I am on google app engine with Python 2.5. My application have to deal with multilanguages so I have to deal with utf-8.

I have done lots of google but dont get what I want.

1.Whats the usage of # -*- coding: utf-8 -*- ?

2.What is the difference between

s=u'Witaj świecie'
s='Witaj świecie'

'Witaj świecie' is a utf-8 string.

3.When I save the .py file to 'utf-8', do I still need the u before every string?

回答1:

u'blah' turns it into a different kind of string (type unicode rather than type str) - it makes it a sequence of unicode codepoints. Without it, it is a sequence of bytes.
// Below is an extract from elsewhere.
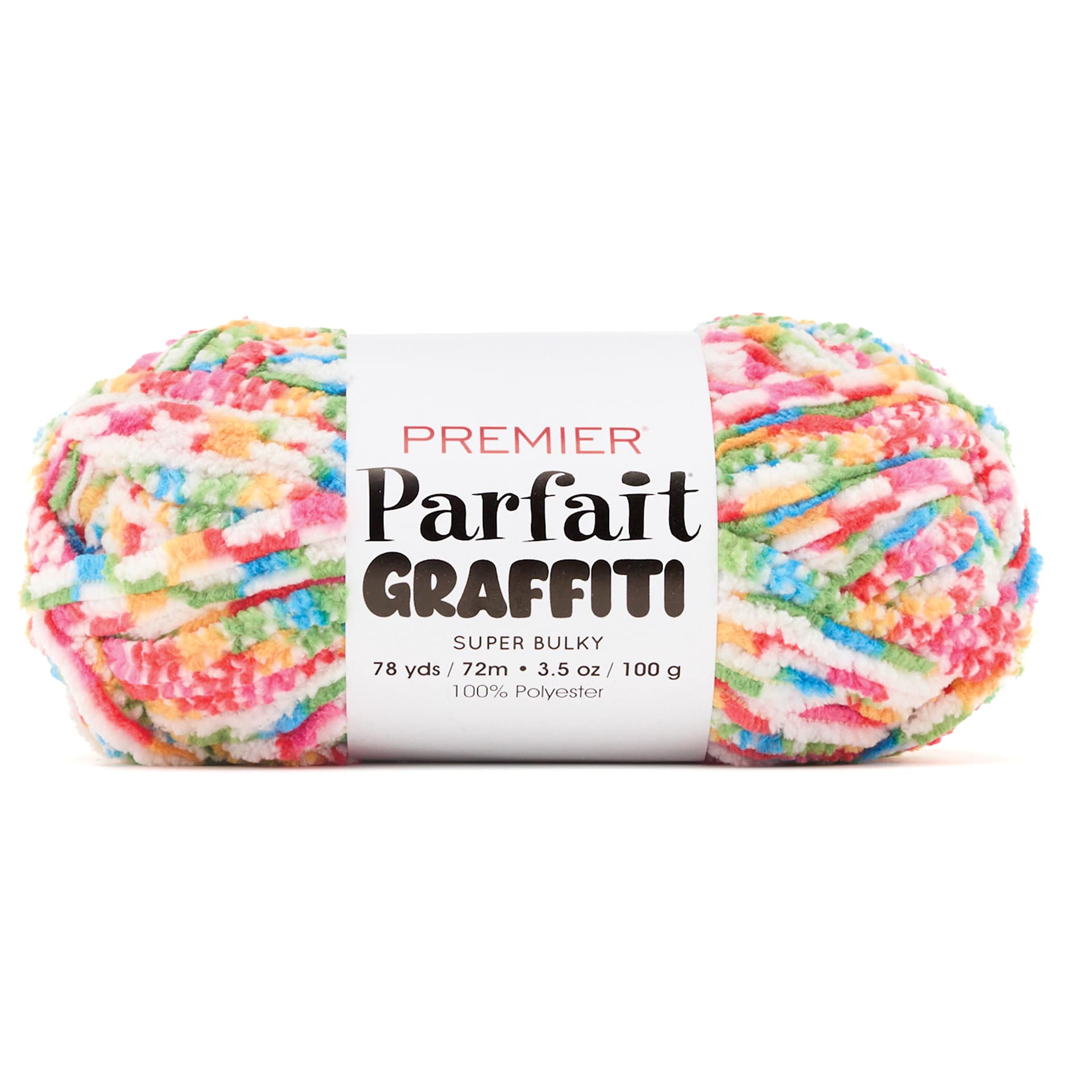 Premier Yarns Parfait Graffiti Yarn - White, 78 yds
Only bytes can be written to disk or to a network stream, but you generally want to work in Unicode (although Python, and some libraries, will do some of the conversion for you) - the encoding (utf-8) is the translation between these. So, yes, you should use the u in front of all your literals, it will make your life much easier. See Programatic Unicode for a better explanation.

The coding line tells Python what encoding your file is in, so that Python can understand it. Again, reading from disk gives bytes - but Python wants to see the characters. In Py2, the default encoding for code is ASCII, so the coding line lets you put things like ś directly in your .py file in the first place - other than that, it doesn't change how your code works.